August Louis Baeyens (5 June 1895 in Antwerp – 17 July 1966 in Antwerp) was a Belgian violist and composer.

Baeyens studied viola, harmony and counterpoint with Napoleon Distelmans and August de Boeck at the Flemish Conservatory in Antwerp receiving a first prize in viola in 1916. Beginning in 1911, he was a viola player in Belgian orchestras including that of the French-language opera company in Antwerp, de Royal, and in the orchestra of the Nieuwe Concerten.

In 1927, Baeyens founded the Antwerps Kamermuziekensemble (Antwerp Chamber Ensemble). The group performed a wide range of contemporary music before its demise in 1932. The ensemble is credited with many Belgian premieres including works by Arnold Schoenberg, Alban Berg, Darius Milhaud, Francis Poulenc, Béla Bartók, Paul Hindemith, Arthur Honegger, Igor Stravinsky, and several Flemish composers including Jef van Durme and Karel Albert.

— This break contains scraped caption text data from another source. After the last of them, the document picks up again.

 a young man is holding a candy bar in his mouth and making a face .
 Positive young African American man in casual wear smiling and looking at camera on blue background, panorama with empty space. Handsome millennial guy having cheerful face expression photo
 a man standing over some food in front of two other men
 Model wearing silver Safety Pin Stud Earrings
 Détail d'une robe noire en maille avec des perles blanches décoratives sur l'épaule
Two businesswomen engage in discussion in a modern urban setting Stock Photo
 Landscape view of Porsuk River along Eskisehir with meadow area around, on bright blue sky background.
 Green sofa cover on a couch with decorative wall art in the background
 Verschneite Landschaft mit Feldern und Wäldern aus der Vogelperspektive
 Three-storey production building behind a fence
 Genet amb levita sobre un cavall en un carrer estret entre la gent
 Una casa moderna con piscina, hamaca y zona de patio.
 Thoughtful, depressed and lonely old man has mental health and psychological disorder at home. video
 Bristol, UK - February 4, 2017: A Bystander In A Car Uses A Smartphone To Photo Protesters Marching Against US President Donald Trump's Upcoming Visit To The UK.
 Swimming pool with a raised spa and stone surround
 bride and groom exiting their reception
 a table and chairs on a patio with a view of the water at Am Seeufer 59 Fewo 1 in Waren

In 1932 Baeyens became secretary of the Royal Flemish Opera (Koninklijke Vlaamse Opera) translating opera libretti into Dutch among other duties. Later, he was appointed director (1944–1948 and 1953–1958). In 1958 he resigned in order to devote himself to composition. After a long period of illness, he died in Antwerp on 17 July 1966.

==Selected works==
- Stage
- De dode Dichter (The Dead Poet), Ballet (1920)
- Liefde en de Kakatoes (L'amour et le cacatoes; Love and the Cockatoos), Grotesque in 1 act for soloists and orchestra (1928)
- Coriolanus, Opera for radio (1941); libretto after William Shakespeare
- De ring van Gyges, Opera (1943)
- De triomferende min (Triumphant Love), Opera (1948); after the 1678 opera by Carolus Hacquart

- Orchestral
- Entrata (1917)
- Niobe (1918)
- Symphony No. 1 (1923)
- Vier kleine orkeststukken (4 Small Orchestra Pieces) (1923)
- Arlekijn (Arlequin) for chamber orchestra (1924)
- Kyklopen (Cyclopes) (1925)
- Sinfonia breve for small orchestra, Op. 24 (1928)
- Symphony No. 2 in F (1939)
- Symphony No. 3 in C (1949)
- Arkadia (Arcadia), Chamber Symphony for 19 soloists (1951)
- Symphony No. 4 (1952)
- Notturno (1953)
- Symphony No. 5 (1954)
- Symphony No. 6 in D (1955)
- Symphony No. 7 in one movement (1958)
- Symphony No. 8 (1961)

- Concertante
- Notturno for clarinet, bassoon, string orchestra and bass drum (1925)
- Concerto for viola and orchestra, Op. 54 (1956)
- Concerto for trumpet and orchestra (1959)
- Concerto for horn and orchestra (1960)
- Rhapsodie for clarinet and orchestra (1966)

- Chamber music
- String Quartet No. 1 (1922)
- Goudoogs verhaal (Goudoog's Tale) for violin and piano (1924)
- String Quartet No. 2 (1925)
- String Quartet No. 3 (1927)
- String Quartet No. 4 in G (1949)
- Woodwind Quintet (1950)
- String Quartet No. 5 (1951)
- Concertino for oboe, clarinet and bassoon (1951)
- Piranesi-Suite for flute and cello (1951)
- Sonata for violin and piano (1952)
- String Quartet No. 6 (1962)
- Etude No. 14 for timpani and piano (1965)

- Piano
- Diogenes (1920)
- Jazz fantasie (1926)
- Sonate in A (1930)

- Vocal
- Drie kwartijnen for baritone and chamber orchestra (1924)
- Trois mélodies for baritone and piano (1927)
- Drie Van Ostaijenliederen (3 Songs after Van Ostaijen) (1930); words by Paul van Ostaijen
- La sonate d'amour for narrators and orchestra (1934)
- Een somber drinklied for baritone and orchestra (1938)
- Vanwaar ken ik uw gelaat for medium voice and orchestra (1938)
- Drie liederen (3 Songs) (1938)
- Klein gebed for medium voice and piano (1938)
- Mystiek for medium voice and orchestra (1938)
- Examen troost for medium voice and piano (1948)
- Thanatos' avondlied for bass-baritone and orchestra (1948)
- Barabbas for narrator and orchestra (1949)
- De nachtegale for medium voice and piano (1950)
- Piranesi for 10 narrators, flute and cello (1950)
- Sonnet waermede den Landtman for bass-baritone and orchestra (1950)
- Scherzo for soprano and orchestra (1951)
- Vijf gedichten uit French en andere Cancan for medium voice and piano (1951)

- Choral
- Lofzang aan de haven (Hymn of Praise for the Port; Cantique du port), Cantata for narrator, chorus and orchestra (1929)
- Sonatine for two-part chorus a cappella (1933)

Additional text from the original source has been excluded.